String.prototype.replace = function(orig, sub) {
    return this.split(orig).join(sub);
}

I could break (or make them behave differently than they should) other libraries/widgets on the same page that assume that replace() will only replace the first occurrence. I completely agree that one should never override existing methods to do something else. It’s important that the basic subset of the JavaScript language works exactly as others would expect it to. If you can’t guarantee that the foundation of your house stays level, you can’t guarantee that your house will not collapse.

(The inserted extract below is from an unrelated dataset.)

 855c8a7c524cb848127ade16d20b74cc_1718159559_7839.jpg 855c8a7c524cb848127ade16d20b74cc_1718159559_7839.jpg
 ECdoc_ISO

There are some gray area cases, where the developer could extend the functionality of existing method, such that it still works as expected given original arguments, but does something else when more arguments are given:

Array.prototype.pop = function(index) {
    if (!arguments.length) {
        index = this.length - 1;
    }
    return this.splice(index, 1)[0];
}

In this case, myArray.pop() will still work exactly as the user would expect. However, if called with myArray.pop(0), the function will behave like myArray.shift(), or like splice() method if called with an index in the middle. The only real disadvantage here is that by overriding the native method, the developer has made the function slower than the original (native methods tend to work faster). Claiming that this is bad because a function could break another logic that mistakenly called it with an argument (which it ignored before) on the other hand is not a legitimate argument. The bug is in the function making the bad call, not in the overriding logic. This is why I like Python, it will complain about unexpected arguments right away instead of ignoring them so they could become a bigger problem later.

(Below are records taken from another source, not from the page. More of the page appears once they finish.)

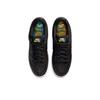Nike Dunk Low Pro SB QS x Civilist Thermographie CZ5123-001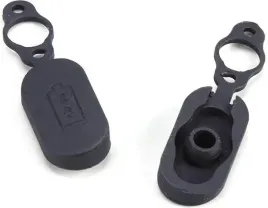 zatyczka-portu-ladowania-do-xiaomi-m365-bk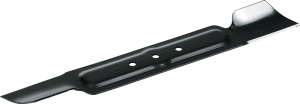 Bosch ARM 33 Yedek Bıçak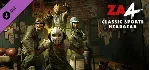 Zombie Army 4: Classic Sports Headgear Bundle DLC - irongamers.ru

Appending your own methods, on the other hand, is the most benign way to modify a native object. This is when we implement something like this, for example:

Array.prototype.copy = function() {
    return this.slice();
}

When doing, so, however, it’s important to be aware if other libraries are appending a method with the same name but different functionality, then you might want to pick a different name (this is usually not a problem with libraries/APIs since you’re unlikely to need more than one library for native object manipulation). So far, the most popular argument I’ve seen against this type of native object modification is potential name collision if future version of JavaScript decides to add a method by the same name. This argument is moot. You’re not developing your app for a hypothetical language that will exist 10 years from now, and when the time comes you’ll easily be able to rename the offending function, since you know all references to it are your own. The entire EcmaScript specification is easily available, and unless you plan to drop support for all browsers older than 6 months, the JavaScript implementation you’ll be using as basis will probably lag behind that by a few months to a few years, giving you more than enough time to handle naming collisions.

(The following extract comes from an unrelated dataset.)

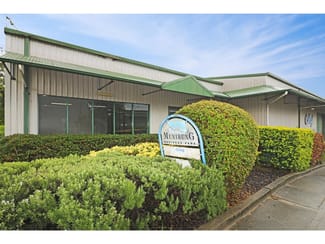 Factory, Warehouse & Industrial commercial property leased at Unit 10/77 Munibung Road Cardiff NSW 2285 Factory, Warehouse & Industrial commercial property leased at Unit 10/77 Munibung Road Cardiff NSW 2285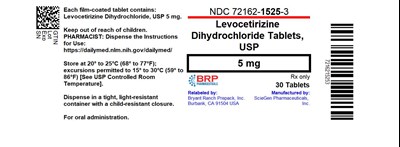 lbl721621525.jpg Label - lbl721621525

You might notice, however, that if you start appending methods to the native Object object, any jQuery code running on the same page will break. The problem is not with overwriting native methods, but with poor assumptions made by jQuery developers who wrote buggy code. The problem is that jQuery developers are part of the group that believe that appending to native JavaScript objects is evil, and instead of properly testing that they’re iterating through object’s own properties, they make the assumption that no one else will append anything to Object when they scan through it using “for key in Object” type logic. To avoid the same mistake as jQuery made, make sure to iterate only through your own keys:

for (var key in obj) {
    if obj.hasOwnProperty(key) {
        ...
    }
}

Alternatively, if you only care about the latest browsers, you can use Object.getOwnPropertyNames() instead. It was a poor design on JavaScript’s part to default to iterating through every property of the object, but that can’t be changed now. jQuery developers have been confronted about their assumption before, they claim the main reason was performance. Independent tests showed about 5% performance hit from adding this check, so I don’t buy the performance claim, especially since jQuery already makes multiple performance sacrifices in the name of usability (show/hide logic having safety checks to figure out the object’s current state, for example). In my opinion, John Resig’s stance on this is no different than failing to do a “division by zero” check (in Python, because JavaScript will automatically return infinity) and then claiming that it’s for performance reasons and anyone who passes arguments that eventually result in a division by zero is the one at fault.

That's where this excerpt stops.